I have a setup where I'm using Celery as the task queue with Amazon SQS FIFO. My goal is to ensure sequential processing of tasks within the same message group ID, while allowing tasks with different message group IDs to be processed in parallel. However, despite following the recommended configurations and understanding the behavior of SQS message groups, I'm experiencing parallel processing of tasks within the same message group by multiple Celery worker processes. How can I ensure that tasks with the same message group ID are processed sequentially by a single worker process, while maintaining parallel processing for tasks with different message group IDs?
Some extra details (for reference) : For celery I haven't used --concurrency setting, so it is by default spawning 4 pool processes (no. of cores). I am passing message group id using following syntax :
` message_properties = {
"MessageGroupId": f"{supplier_id}"
}
celery_task.s(
param1, **message_properties
).apply_async(**message_properties)
`
and I have made sure the queue is fifo and it ends with .fifo . additional settings - { 'polling_interval': 60, 'wait_time_seconds': 10, 'visibility_timeout': 600 }
image SS
Thanks for your response. There does not seem to be a direct way to configure the batch size in celery. and setting worker to 1 will cause performance issues.
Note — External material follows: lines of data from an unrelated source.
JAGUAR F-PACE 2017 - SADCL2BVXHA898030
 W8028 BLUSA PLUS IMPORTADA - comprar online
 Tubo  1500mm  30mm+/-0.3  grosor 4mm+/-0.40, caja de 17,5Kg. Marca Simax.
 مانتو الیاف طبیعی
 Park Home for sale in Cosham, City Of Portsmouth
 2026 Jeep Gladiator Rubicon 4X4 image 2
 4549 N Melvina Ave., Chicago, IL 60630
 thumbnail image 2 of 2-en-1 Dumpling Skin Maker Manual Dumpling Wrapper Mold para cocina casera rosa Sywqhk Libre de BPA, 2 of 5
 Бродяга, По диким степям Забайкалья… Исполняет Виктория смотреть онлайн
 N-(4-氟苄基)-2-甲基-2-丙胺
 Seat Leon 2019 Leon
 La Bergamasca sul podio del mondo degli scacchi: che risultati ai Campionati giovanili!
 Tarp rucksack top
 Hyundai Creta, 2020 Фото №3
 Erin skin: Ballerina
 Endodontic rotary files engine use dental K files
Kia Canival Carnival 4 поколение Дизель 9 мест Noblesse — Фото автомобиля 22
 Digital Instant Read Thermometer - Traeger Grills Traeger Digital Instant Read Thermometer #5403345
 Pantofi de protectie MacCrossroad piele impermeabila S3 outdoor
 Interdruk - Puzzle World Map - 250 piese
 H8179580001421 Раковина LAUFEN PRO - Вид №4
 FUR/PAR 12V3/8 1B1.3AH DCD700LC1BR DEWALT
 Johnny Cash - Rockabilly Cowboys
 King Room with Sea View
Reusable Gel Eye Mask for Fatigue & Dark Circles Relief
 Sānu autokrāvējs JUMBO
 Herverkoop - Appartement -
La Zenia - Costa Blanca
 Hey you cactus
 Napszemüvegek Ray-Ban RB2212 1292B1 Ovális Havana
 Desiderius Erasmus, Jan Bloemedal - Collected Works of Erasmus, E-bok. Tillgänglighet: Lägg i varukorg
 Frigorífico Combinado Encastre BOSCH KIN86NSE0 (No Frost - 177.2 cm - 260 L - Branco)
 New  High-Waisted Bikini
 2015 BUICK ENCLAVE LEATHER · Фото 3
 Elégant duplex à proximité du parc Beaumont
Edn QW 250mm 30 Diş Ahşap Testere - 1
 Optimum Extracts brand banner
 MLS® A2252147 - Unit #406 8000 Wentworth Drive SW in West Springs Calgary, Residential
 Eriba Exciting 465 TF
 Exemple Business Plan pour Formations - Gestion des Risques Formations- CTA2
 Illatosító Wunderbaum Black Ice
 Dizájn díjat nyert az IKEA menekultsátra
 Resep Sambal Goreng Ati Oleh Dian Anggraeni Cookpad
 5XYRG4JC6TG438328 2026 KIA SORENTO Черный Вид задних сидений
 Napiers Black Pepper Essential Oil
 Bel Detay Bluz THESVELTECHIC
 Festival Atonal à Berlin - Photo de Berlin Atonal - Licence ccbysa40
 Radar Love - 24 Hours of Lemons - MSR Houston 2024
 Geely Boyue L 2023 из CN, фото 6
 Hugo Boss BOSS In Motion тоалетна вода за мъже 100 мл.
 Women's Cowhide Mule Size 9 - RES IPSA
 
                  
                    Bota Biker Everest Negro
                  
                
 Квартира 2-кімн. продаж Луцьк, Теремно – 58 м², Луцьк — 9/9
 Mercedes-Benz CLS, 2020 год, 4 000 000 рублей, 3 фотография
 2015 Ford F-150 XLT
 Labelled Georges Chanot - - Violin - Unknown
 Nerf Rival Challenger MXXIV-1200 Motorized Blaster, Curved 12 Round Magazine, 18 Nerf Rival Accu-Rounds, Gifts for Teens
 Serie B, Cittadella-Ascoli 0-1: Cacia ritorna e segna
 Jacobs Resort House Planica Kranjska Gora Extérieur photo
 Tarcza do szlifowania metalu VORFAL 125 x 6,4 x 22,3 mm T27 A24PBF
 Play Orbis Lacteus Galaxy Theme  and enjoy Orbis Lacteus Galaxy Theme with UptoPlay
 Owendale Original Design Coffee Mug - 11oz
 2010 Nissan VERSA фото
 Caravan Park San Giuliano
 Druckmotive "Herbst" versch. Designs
As per amazon sqs fifo documentation :
'When receiving messages from a FIFO queue with multiple message group IDs, Amazon SQS first attempts to return as many messages with the same message group ID as possible. This allows other consumers to process messages with a different message group ID. When you receive a message with a message group ID, no more messages for the same message group ID are returned unless you delete the message or it becomes visible.'
According to above description I understand that even with multiple consumers (multiple celery workers in my case) it should still work(honor message group ids). or am I missing out on something? Any help would be appreciated, thanks.